Life cycle assessment of an allpolymeric ultralowcost nonpumped solar thermal collector system for hot water preparation

Solar thermal systems are of high relevance and interest in the supply of low-temperature heat for different purposes. Especially, hot water systems are dominating the solar-thermal market with non-pumped systems gaining more and more importance. In recent years attempts have been made to open up a mass market for solar thermal energy and thereby promote the use of renewable energies with novel, more cost-effective materials, and production processes. For emerging markets in developing countries, the competitors of solar thermal systems are in the main wood stoves, gas- and electric boilers or ‘cheap’ Chinese thermosiphon systems. These water heaters either have a negative environmental impact, are too expensive in costs of purchase or too expensive in costs of operation or have a rather short product lifetime. To address these markets, it is vital to provide an affordable ultra-low-cost system with high reliability and low technology.

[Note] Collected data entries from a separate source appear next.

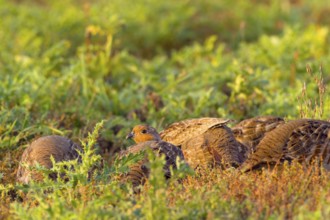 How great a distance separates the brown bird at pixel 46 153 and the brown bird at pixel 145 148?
1.76 feet

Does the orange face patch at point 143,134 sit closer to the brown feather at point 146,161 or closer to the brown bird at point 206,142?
the brown bird at point 206,142

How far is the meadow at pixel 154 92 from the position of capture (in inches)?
239

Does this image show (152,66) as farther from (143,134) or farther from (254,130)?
(254,130)

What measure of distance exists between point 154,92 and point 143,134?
2293 millimetres

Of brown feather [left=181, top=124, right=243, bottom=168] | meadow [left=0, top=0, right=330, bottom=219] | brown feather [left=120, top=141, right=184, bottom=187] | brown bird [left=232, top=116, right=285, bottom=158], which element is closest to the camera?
meadow [left=0, top=0, right=330, bottom=219]

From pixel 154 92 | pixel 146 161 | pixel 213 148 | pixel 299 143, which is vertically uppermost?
pixel 299 143

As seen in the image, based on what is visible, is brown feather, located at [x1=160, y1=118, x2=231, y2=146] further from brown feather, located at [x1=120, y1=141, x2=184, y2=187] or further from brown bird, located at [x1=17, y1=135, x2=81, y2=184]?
brown bird, located at [x1=17, y1=135, x2=81, y2=184]

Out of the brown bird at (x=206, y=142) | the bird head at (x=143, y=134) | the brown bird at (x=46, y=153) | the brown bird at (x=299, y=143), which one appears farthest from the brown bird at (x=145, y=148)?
the brown bird at (x=299, y=143)

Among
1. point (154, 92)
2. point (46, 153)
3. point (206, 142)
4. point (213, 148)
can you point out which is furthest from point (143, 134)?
point (154, 92)

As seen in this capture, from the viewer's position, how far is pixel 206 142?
8.74 metres

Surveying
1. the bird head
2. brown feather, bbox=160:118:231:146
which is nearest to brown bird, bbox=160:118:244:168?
brown feather, bbox=160:118:231:146

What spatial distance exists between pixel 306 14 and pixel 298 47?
6.16 meters

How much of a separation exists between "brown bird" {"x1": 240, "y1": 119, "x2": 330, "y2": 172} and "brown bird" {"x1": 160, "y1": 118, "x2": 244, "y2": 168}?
527 mm

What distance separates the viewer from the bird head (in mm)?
9094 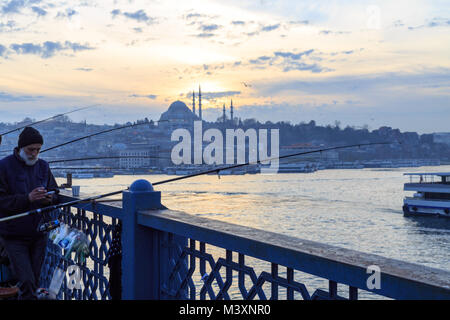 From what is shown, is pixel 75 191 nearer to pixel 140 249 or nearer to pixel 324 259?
pixel 140 249

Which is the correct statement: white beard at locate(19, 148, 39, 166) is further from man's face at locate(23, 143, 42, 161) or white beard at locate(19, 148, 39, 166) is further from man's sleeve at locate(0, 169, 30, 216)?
man's sleeve at locate(0, 169, 30, 216)

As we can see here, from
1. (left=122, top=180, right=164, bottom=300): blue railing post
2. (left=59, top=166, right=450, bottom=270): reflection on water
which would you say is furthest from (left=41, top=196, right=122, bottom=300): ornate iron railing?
(left=59, top=166, right=450, bottom=270): reflection on water

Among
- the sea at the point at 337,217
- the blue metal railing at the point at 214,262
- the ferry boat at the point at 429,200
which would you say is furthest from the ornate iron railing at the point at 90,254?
the ferry boat at the point at 429,200

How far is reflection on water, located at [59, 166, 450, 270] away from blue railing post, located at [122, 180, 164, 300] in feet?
80.2

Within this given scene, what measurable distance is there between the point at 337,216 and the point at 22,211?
40.6m

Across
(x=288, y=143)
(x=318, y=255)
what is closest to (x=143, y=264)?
(x=318, y=255)

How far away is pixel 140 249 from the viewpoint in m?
2.45

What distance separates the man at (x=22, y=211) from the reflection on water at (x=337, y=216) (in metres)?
24.3

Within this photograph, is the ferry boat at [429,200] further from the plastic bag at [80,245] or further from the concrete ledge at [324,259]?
the concrete ledge at [324,259]

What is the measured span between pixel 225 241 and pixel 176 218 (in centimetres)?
41

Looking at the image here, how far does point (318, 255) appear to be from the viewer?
4.91 feet

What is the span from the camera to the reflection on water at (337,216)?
30.0 m

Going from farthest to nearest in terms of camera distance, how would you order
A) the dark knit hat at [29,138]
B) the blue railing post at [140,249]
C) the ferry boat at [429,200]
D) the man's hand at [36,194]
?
1. the ferry boat at [429,200]
2. the dark knit hat at [29,138]
3. the man's hand at [36,194]
4. the blue railing post at [140,249] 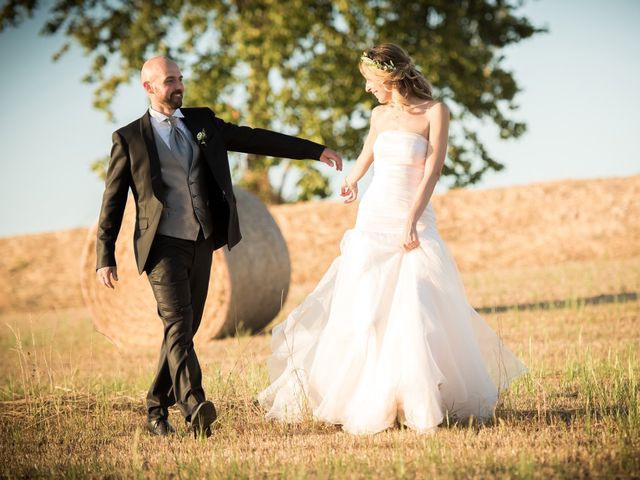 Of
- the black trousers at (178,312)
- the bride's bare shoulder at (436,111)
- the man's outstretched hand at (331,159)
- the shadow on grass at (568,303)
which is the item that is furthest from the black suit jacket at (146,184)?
the shadow on grass at (568,303)

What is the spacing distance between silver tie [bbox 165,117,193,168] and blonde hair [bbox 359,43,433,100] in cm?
110

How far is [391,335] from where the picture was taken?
454 centimetres

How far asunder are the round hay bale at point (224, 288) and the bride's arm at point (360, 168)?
4.70 metres

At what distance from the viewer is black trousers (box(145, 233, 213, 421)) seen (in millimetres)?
4641

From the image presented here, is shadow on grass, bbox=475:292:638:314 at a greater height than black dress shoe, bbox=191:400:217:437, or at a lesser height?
lesser

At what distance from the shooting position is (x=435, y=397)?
4363 millimetres

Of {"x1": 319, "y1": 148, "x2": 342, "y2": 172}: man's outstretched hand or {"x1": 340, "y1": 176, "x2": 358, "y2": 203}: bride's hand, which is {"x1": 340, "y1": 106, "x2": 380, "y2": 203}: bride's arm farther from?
{"x1": 319, "y1": 148, "x2": 342, "y2": 172}: man's outstretched hand

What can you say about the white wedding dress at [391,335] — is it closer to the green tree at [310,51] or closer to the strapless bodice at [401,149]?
the strapless bodice at [401,149]

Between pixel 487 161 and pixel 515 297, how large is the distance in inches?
397

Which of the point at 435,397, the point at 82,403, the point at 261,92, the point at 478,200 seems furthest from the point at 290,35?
the point at 435,397

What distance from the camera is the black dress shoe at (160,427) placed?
4.85 meters

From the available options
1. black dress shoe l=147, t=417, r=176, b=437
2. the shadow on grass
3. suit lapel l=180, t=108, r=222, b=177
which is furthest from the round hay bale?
suit lapel l=180, t=108, r=222, b=177

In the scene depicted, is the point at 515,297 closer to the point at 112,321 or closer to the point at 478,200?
the point at 112,321

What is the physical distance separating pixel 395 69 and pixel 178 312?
182 cm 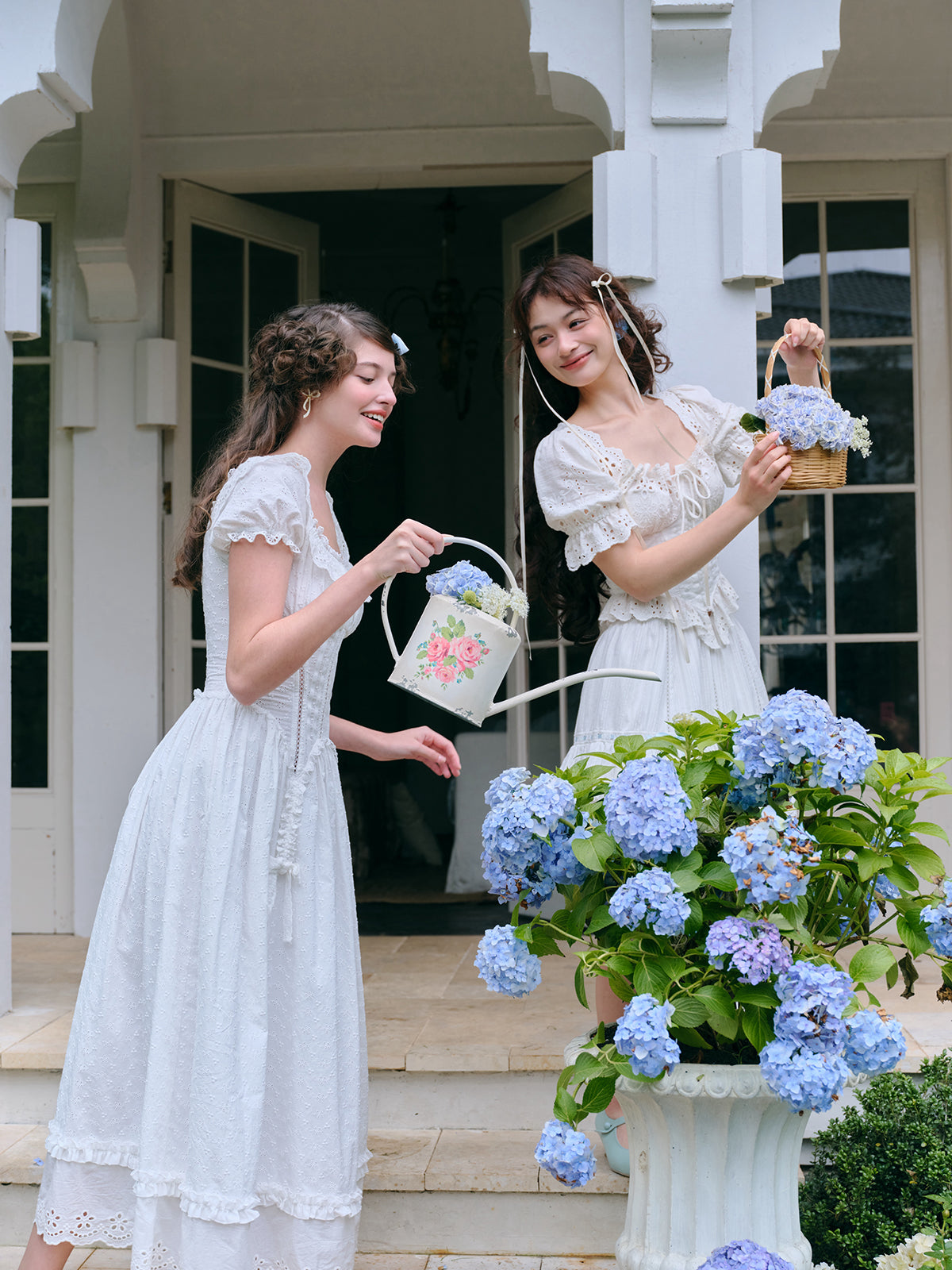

A system suitable for compact distribution and easy installation. To put it in a nutshell, this system must be a very simple thermosiphon system based on cheap polymeric membrane technology for both, the absorber and the storage. The main objective of this paper is to assess a novel all-polymeric ultra-low-cost non-pumped solar thermal system for hot water preparation as to its life cycle metrics. Finally, the evaluated ecological impact is compared with the impact of the main competitors. For the assessment, the Eco Audit Tool of CES Selector by Ashby et al. and Granta Design is used.